The poop pond was in a big field about a mile outside the city gates. There was one big-ass tree that I sat leaning against, checking ammunition and re-slinging my shoulder. Tamara and Elle helped with the shoulder, and I looked around to see if I could figure out where we were. I could see the spires of the castle, but the gates themselves were over a ridge off to the south. So we were headed in the right direction to meet up with Puck. All we had to do was walk for two days, avoid running into any search parties sent out by a pissed off Queen Titania, and convince a notoriously mercurial magical fairy prankster to change the terms of our deal in my favor and send at least the girls home, if not me too.
Yeah, it was going to be a long couple of days.
“Any of you girls know how to use a sword?” I asked.
“I took two years of Tae Kwon Do, but we never touched weapons,” Elle replied.
“My parents are in the SCA,” said an athletic-looking girl with short blonde hair.
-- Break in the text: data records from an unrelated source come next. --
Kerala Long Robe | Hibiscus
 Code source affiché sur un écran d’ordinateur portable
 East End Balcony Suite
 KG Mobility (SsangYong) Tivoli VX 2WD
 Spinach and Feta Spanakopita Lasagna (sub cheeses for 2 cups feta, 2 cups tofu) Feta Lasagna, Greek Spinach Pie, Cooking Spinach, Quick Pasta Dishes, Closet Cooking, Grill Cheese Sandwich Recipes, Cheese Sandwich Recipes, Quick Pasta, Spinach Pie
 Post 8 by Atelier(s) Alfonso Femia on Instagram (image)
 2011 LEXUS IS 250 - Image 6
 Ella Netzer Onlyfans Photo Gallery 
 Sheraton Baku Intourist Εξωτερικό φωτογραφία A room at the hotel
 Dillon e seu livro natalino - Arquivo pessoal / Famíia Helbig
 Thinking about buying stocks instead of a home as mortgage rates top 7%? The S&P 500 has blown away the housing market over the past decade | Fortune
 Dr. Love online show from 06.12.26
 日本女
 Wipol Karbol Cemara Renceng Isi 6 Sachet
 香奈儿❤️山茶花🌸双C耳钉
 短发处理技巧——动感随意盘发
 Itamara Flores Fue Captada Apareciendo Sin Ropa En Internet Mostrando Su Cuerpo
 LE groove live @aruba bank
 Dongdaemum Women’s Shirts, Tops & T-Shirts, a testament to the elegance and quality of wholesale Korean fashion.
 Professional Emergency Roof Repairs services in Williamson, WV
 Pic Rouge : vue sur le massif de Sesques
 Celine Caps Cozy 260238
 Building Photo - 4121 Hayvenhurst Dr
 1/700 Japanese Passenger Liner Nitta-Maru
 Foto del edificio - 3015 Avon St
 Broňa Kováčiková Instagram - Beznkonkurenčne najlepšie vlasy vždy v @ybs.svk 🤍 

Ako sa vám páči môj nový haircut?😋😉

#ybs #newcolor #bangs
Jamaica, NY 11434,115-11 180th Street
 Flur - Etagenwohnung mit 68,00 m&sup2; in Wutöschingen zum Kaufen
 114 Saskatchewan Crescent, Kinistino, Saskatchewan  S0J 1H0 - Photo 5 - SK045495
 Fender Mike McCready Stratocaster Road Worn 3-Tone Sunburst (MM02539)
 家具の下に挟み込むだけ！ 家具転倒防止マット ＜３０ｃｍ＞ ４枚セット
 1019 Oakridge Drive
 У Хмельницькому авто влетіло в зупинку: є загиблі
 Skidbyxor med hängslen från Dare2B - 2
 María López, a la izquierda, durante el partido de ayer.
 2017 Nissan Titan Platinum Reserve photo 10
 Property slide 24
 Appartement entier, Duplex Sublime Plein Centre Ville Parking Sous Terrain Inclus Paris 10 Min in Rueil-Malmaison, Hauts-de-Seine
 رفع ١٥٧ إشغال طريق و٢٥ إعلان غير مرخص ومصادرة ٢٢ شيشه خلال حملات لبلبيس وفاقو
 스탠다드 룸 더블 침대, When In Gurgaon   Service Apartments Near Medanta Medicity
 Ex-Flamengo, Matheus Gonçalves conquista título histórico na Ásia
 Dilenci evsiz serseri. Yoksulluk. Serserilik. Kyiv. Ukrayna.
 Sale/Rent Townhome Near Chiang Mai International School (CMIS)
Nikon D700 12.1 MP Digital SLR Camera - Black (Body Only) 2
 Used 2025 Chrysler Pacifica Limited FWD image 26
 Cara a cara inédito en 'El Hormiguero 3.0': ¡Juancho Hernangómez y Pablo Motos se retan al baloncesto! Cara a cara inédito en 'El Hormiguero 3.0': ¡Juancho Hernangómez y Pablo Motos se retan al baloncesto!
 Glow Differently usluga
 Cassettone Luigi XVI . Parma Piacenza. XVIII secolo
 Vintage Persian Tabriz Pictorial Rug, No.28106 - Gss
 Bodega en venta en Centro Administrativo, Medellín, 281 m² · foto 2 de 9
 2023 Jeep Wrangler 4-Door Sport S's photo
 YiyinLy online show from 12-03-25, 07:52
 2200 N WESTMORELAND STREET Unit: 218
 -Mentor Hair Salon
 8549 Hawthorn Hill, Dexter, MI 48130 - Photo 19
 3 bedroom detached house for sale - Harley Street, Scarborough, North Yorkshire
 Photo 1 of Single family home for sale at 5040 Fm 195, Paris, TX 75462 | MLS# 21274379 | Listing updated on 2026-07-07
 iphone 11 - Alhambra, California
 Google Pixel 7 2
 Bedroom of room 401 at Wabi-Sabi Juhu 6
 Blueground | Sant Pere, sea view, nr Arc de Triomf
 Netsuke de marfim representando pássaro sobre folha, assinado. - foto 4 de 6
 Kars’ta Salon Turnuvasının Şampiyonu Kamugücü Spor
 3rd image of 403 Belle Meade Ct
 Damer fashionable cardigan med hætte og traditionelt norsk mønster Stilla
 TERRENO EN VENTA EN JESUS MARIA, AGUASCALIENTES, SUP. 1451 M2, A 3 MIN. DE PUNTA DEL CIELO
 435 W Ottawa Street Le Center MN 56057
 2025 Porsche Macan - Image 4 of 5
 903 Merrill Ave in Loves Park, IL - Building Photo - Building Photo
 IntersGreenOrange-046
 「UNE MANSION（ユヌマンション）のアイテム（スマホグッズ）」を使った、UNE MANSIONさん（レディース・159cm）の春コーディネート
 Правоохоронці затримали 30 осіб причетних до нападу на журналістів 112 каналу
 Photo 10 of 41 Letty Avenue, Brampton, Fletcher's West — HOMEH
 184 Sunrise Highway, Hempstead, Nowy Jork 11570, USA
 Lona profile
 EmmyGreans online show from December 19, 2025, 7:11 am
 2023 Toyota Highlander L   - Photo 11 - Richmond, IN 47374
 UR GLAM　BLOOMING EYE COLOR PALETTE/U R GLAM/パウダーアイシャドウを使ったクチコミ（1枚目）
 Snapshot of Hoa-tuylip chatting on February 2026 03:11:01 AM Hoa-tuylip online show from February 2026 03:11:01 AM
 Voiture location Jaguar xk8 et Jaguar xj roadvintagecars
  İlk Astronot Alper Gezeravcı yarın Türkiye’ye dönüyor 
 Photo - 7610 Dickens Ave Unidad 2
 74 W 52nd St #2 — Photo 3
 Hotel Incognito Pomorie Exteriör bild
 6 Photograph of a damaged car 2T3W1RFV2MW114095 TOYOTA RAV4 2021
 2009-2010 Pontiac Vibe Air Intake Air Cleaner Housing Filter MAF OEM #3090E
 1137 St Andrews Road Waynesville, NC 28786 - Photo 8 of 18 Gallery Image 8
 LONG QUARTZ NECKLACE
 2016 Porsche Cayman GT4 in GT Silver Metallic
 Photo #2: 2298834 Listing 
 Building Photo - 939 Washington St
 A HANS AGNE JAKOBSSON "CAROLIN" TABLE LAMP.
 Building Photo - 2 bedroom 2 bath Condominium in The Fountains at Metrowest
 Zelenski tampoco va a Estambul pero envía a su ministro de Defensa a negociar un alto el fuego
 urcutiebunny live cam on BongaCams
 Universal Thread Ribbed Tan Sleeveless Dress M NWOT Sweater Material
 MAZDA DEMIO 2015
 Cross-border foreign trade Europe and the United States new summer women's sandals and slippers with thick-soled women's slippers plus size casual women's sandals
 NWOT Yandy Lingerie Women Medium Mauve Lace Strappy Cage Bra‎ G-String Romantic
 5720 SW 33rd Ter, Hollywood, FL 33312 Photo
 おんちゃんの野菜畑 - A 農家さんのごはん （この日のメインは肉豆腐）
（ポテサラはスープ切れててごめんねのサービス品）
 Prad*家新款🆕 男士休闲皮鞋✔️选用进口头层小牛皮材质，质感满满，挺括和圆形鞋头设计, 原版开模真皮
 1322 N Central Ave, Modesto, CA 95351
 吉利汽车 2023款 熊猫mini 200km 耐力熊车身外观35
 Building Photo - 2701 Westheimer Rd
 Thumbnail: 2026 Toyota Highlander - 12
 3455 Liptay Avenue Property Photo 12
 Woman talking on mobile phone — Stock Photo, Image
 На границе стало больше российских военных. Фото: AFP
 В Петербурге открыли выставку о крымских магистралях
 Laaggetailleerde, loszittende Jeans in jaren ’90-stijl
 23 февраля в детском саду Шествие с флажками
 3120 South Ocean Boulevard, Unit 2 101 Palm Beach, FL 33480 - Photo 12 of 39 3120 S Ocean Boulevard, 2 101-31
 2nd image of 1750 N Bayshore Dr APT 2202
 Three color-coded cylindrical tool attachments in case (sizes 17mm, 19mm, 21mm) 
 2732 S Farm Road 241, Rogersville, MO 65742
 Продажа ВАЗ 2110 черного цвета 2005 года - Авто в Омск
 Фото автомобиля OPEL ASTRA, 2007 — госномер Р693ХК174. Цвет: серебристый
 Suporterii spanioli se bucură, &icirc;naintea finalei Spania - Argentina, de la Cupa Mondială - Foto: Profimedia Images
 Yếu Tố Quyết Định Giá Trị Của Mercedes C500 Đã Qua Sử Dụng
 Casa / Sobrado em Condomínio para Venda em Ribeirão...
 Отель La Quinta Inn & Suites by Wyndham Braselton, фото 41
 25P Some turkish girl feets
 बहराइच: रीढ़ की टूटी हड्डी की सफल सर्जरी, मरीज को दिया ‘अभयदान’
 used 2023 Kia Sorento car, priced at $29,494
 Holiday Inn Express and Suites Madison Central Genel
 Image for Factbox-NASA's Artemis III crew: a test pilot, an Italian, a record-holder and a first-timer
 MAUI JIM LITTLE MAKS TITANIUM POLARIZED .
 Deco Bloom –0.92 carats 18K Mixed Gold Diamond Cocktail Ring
“What’s that?” I asked. “I went to an SEC school myself, but I’ve never heard of the SCA. Is that a new conference?”
“It’s the Society for Creative Anachronism,” the girl said, in that tone that only teenage girls possess, the one designed to make adults realize exactly how stupid they are without having to actually say “you’re a moron.”
“Is that like a renaissance faire?” I asked.
“On steroids,” the girl said. “And way more historically accurate. I’ve been going to jousts and tourneys since I was four. I learned how to use a sword before I learned to ride a bike.”